Structural products are often assembled from simpler components made using different materials and processes. In conventional design practice, engineers typically begin with the optimization of a monolithic (one-piece) structure and then sequentially partitioning it based on manufacturing and joining constraints. However, this two-step approach often leads to suboptimal outcomes, as the optimal decomposition in the second step is decoupled from the optimal structural geometry obtained in the first step.

To address this gap, this work proposes a multi-component, multi-material, and multi-process topology optimization (M³TO) framework. The proposed method simultaneously optimizes the structural topology, component partitioning, material selections, and manufacturing constraints. This method accounts for process-specific geometric constraints and material properties, enabling for more manufacturable yet still structurally optimal solutions.

In the context of die casting, this dissertation discusses a method incorporating arbitrarily curved nonplanar parting surfaces and lateral side dies.
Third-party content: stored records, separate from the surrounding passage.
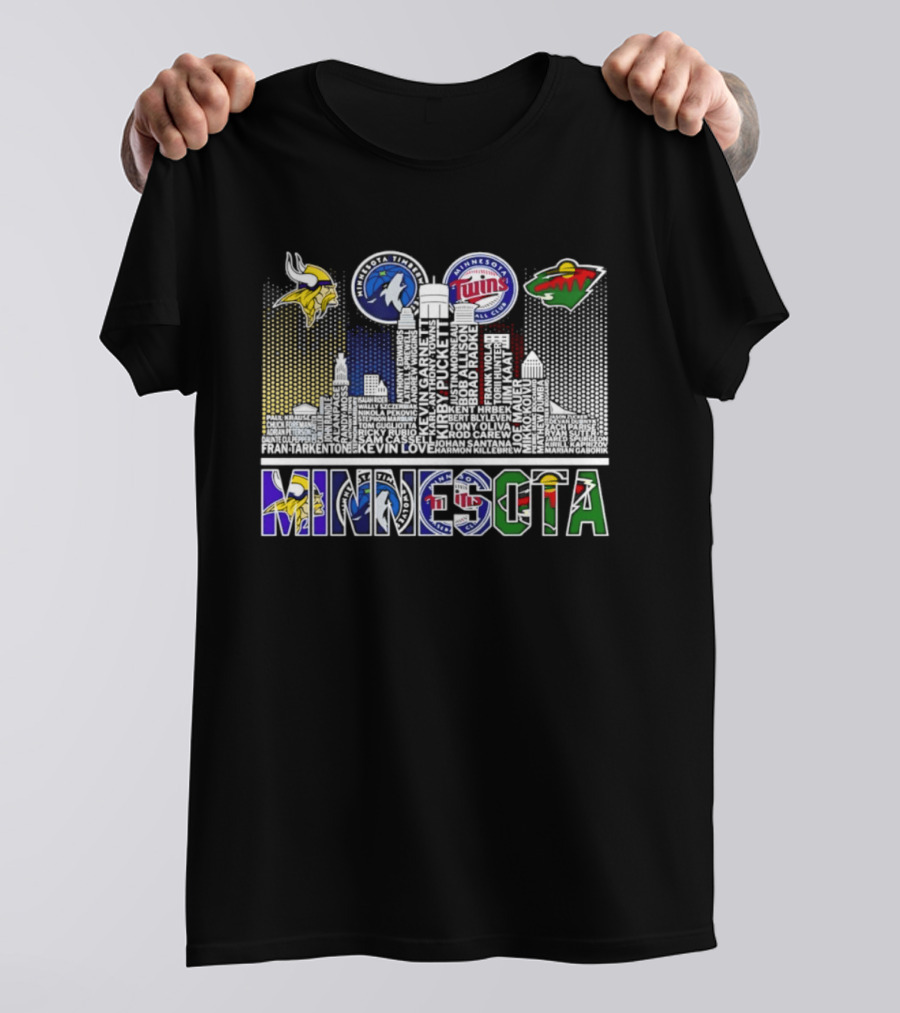 Minnesota Vikings Timberwolves Twins Wild Skyline Roster Names T-Shirt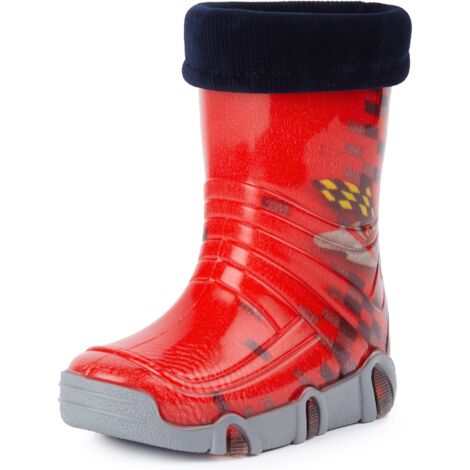 Ladeheid Kinder Mädchen Jungen Gummistiefel gefüttert Swk 16 (Rot Auto, 23/24 EU)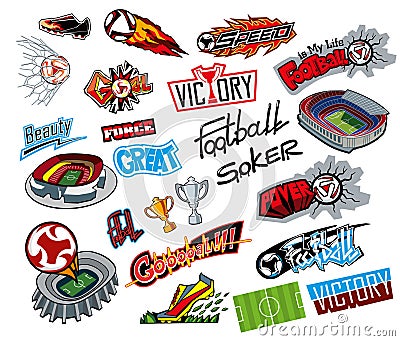 Football attributes, graffiti stickers Vector Illustration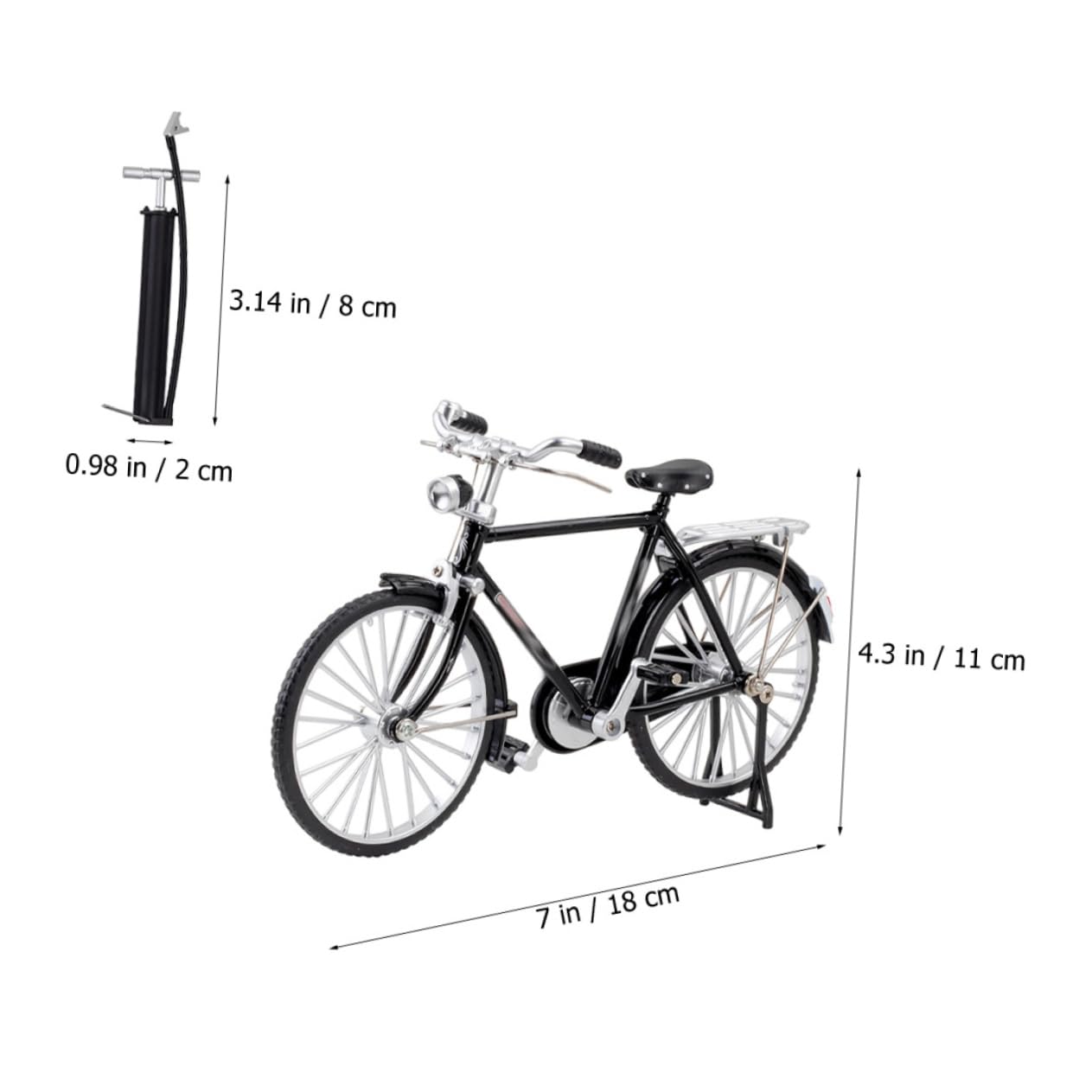PRETYZOOM Small Figurine Metal Bike Sculpture 1 Set Vintage Style Bike Model Pump Unique Decoration for Space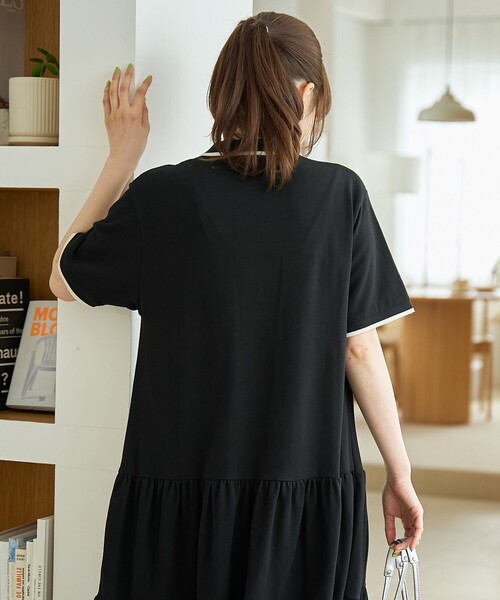 coen(コーエン)の「【Penneys(ぺニーズ)別注】配色ライン ティアードポロ襟ワンピース(ワンピース・レディース・オレンジ/ブラック/ブラウン・L/M)」の7枚目の写真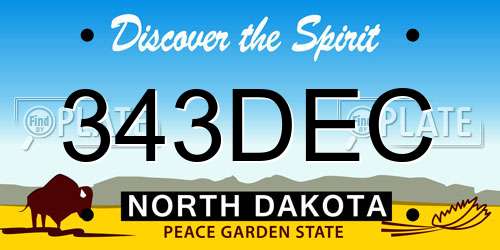 343DEC North Dakota License Plate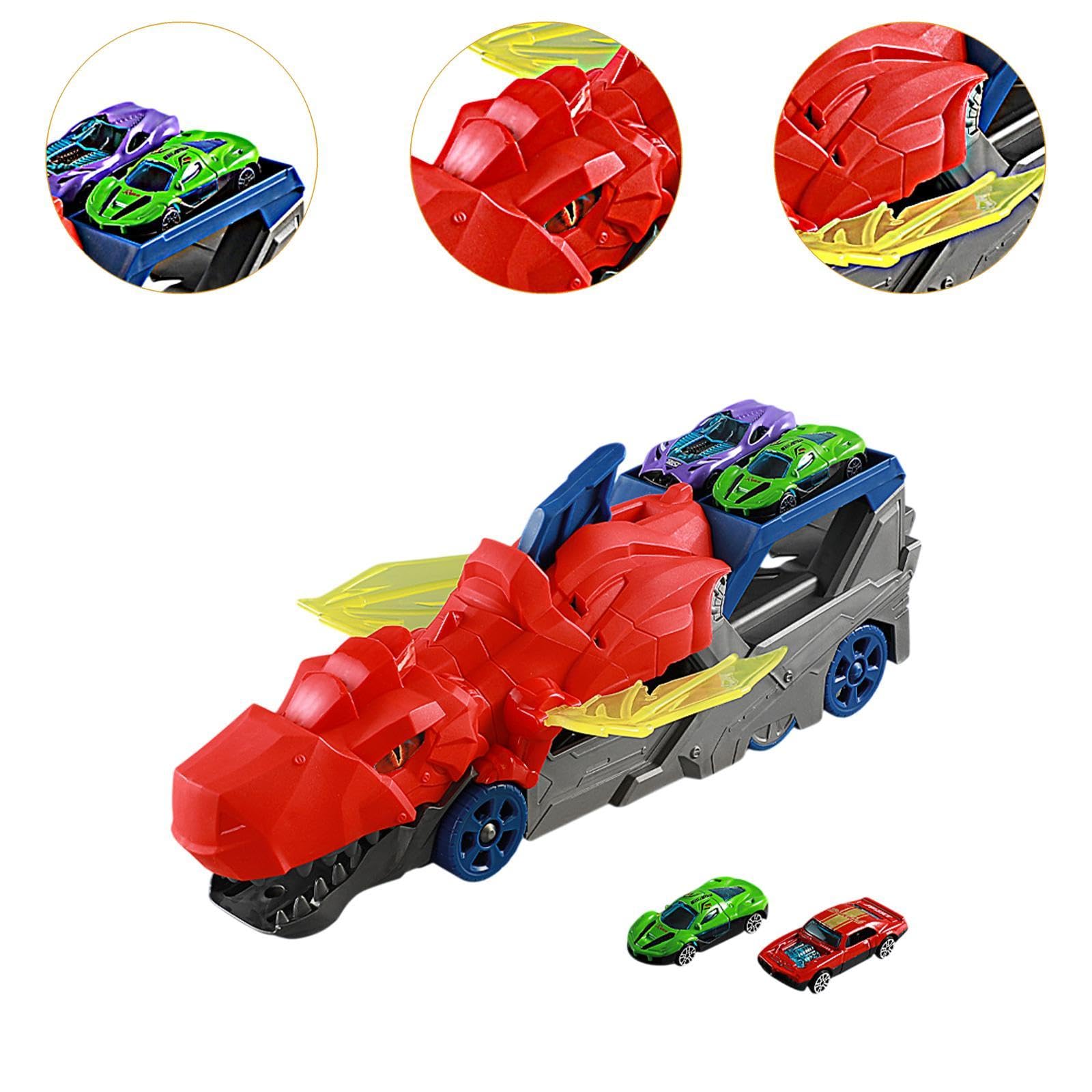 2 Pezzi Dinosaur Transport Truck Pista Veicolo Lanciatore Trasportatore Die-Cast E Camion Carrier Funzione Bocca Apribile Mobili, Rosso con 2 Auto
These improvements extended the possibility of castable TO designs to include more intricate geometries.

The M³TO framework models each component as a unique material-process pair, enabling the simultaneous consideration of material properties and process-specific manufacturing constraints. This formulation has been applied to hybrid assemblies combining additive manufacturing (AM) and die casting, accounting for geometric constraints such as undercut avoidance and bounding radius. Additionally, the method introduces a joint stiffness constraint based on directional loading behavior, enabling the consideration of anisotropic joint performance between components.

Several numerical examples are presented to demonstrate the capabilities and versatility of the proposed M³TO framework. These examples showcase the proposed method's ability to generate high quality designs balancing structural performance and manufacturability.